Justin, I am an aging senior and I’m beginning to educate myself more on options for funding my future Long-Term Care and Medicaid. I have read that, when assessing financial eligibility, Medicaid will disregard the value of an applicant’s home. Does this mean that the home is protected from Medicaid? – Lois
Lois, Thank you for submitting your question. When assessing an applicant’s financial eligibility for Medicaid, the value of the home, and all of the touching acreage and buildings, up to approximately $500,000, will be disregarded as a non-countable resource. This means that an applicant may continue to own their home and qualify for Medicaid.
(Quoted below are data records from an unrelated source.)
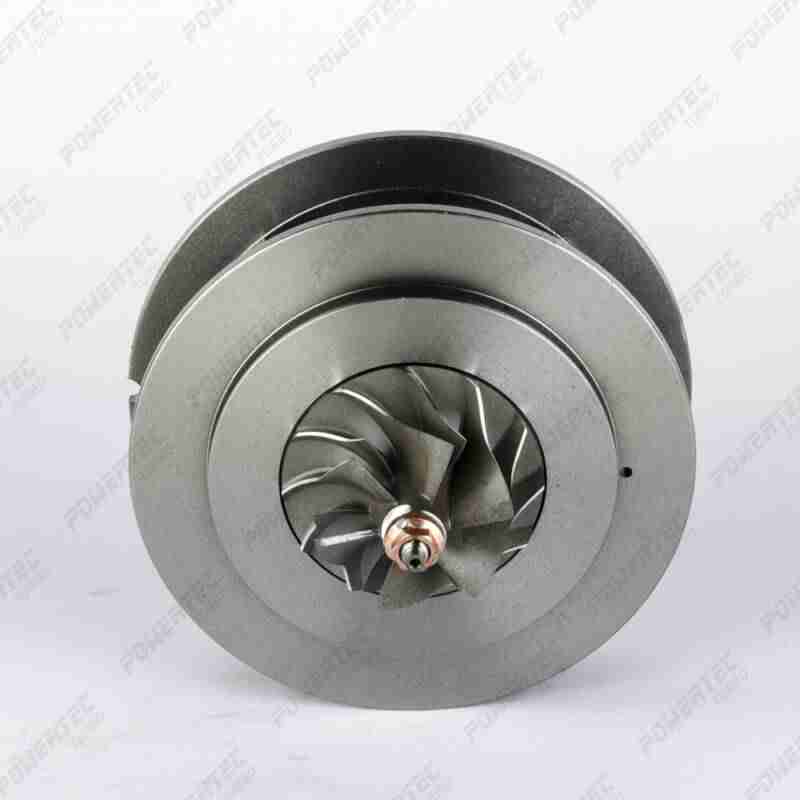 TF035HL turbo core 49135-05671 11654716166 for BMW 120D E87 120 Kw M47TU2D20 NEW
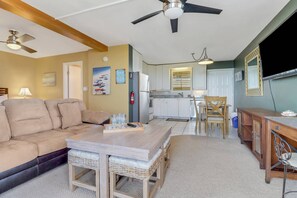 Exterior - Beach & Tennis 1802 (Bonita Springs)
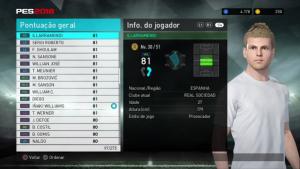 PES 2018 – the best of 2017 - 2018 - 7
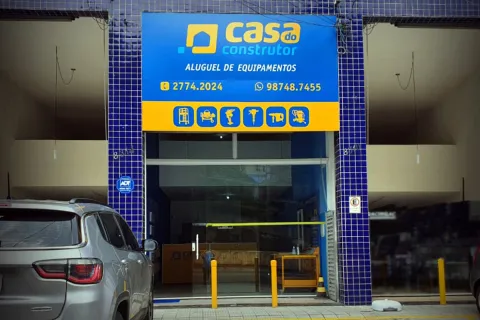 Loja São Paulo Sacomã Loja São Paulo Sacomã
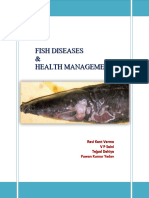 Fish Health Management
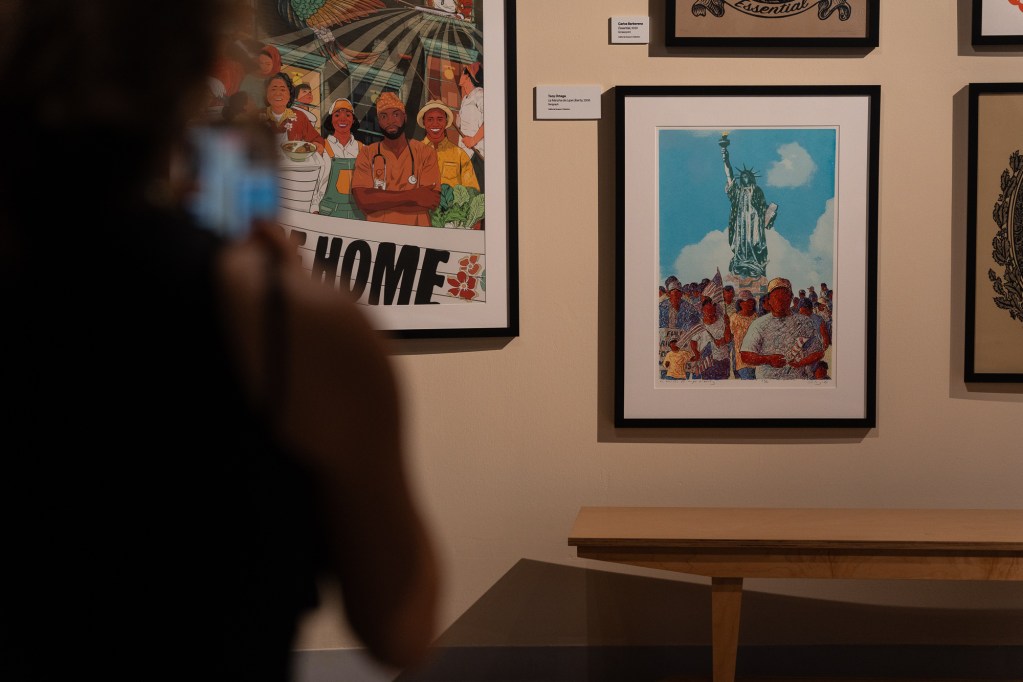 New take on mass deportations shows Californians caught in raids &mdash; decades apart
It is always important to speak with an Elder Law Attorney about creating a plan to protect the home because problems can arise at the death of the Medicaid recipient. Medicaid Estate Recovery rules provide that the State can place a lien on the home upon the death of the Medicaid recipient, if the home becomes a part of the recipient’s estate at their death.
This means that the State can recover the cost of the benefits provided to a recipient upon his or her death at the sale of the home. One reading this might think that they should gift the home to their loved-ones in order to avoid Estate Recovery but that is oftentimes more difficult than it seems.
At application, Medicaid assesses all gifts, and transfers made for less than fair market value, made within the last sixty months. Any gifts made within that sixty month look-back can cause the client to be ineligible. An Elder Law Attorney can work within these rules, however, to ensure that you have a plan to protect your home from any Medicaid problems.